The action is told through several points of view--Cole's first-person narration carries much of the novel, and there are a series of flashbacks that fill in blanks from his partner's past, the stoic and powerful Joe Pike. You even enter the mind of the killer at several key points in the story.

The killer is...well, that would be telling, wouldn't it? The killer has killed Karen Garcia, a former girlfriend of Pike's, and Karen's father enlists Pike and Elvis to watch the police as they investigate Karen's murder. It's not as simple as fingering a killer and tracking him down, though. Karen's death is entangled in elements of Pike's past, in ugly corruption that reaches throughout the Los Angeles Police Department, and in the vicious acts of a serial killer bent on revenge. Watching these pieces fall together is half of the fun about Requiem.

The other half is Elvis Cole. Crais writes Elvis with such confidence and wit that it's impossible not to be drawn in by his narration. He's one of the most entertaining lead characters in a detective novel that you'll find, and not because he's fully in command of every situation, but because he's not. As the story progresses, Elvis' personal life disintegrates at the same rate that he's discovering new bits of evidence on the Garcia case, and watching Elvis deal with each new complication in his life makes for great reading, especially since his sense of humor never fades.

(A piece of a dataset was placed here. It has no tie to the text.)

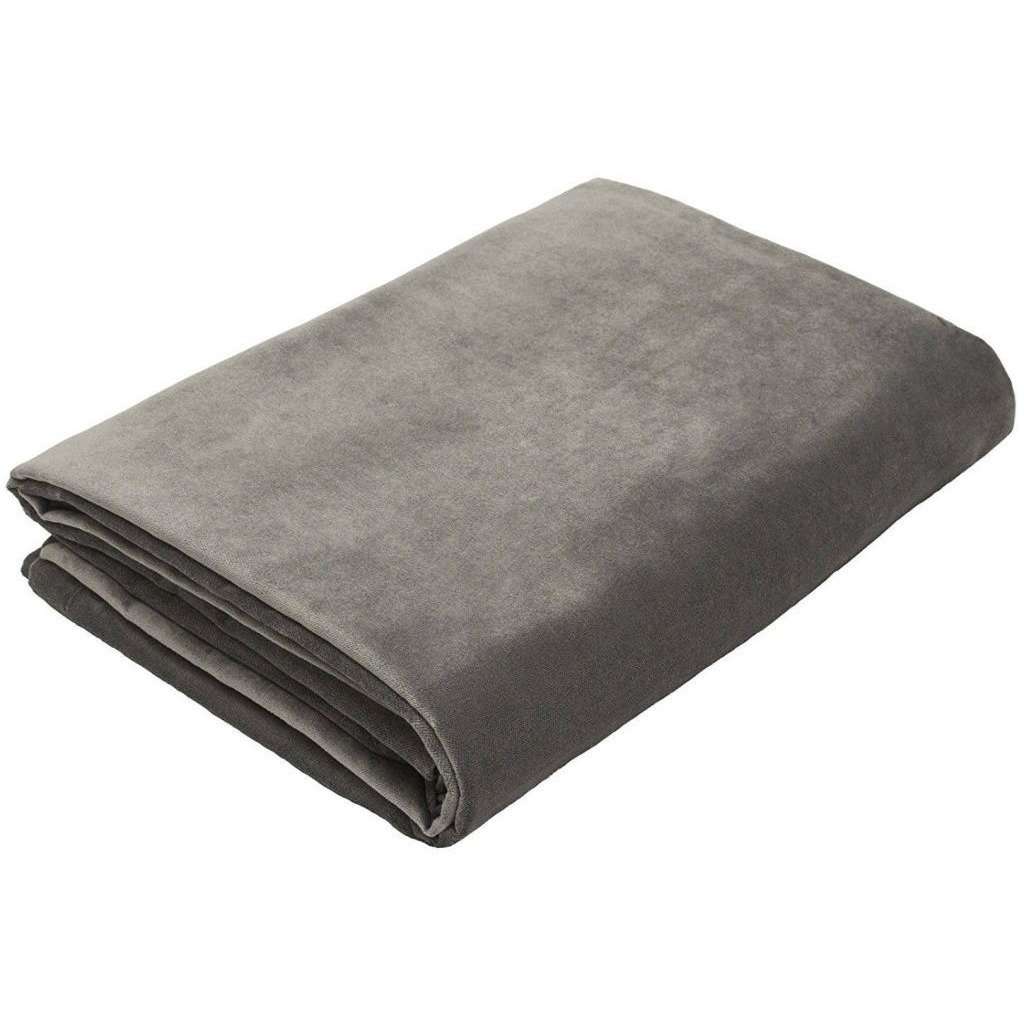 McAlister Textiles Matt Charcoal Grey Velvet Throw Blankets & Runners Throws and Runners Regular (130cm x 200cm)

L.A. Requiem is currently available in paperback, and you can probably find it in supermarkets, airports and gas stations everywhere. It's perfect paperback reading, engaging enough to keep you involved and relaxed enough to be fun. If you're piling books aside for your beach blanket library this summer, be sure to include Requiem in the stack. It's great entertainment and a damn gripping yarn to boot.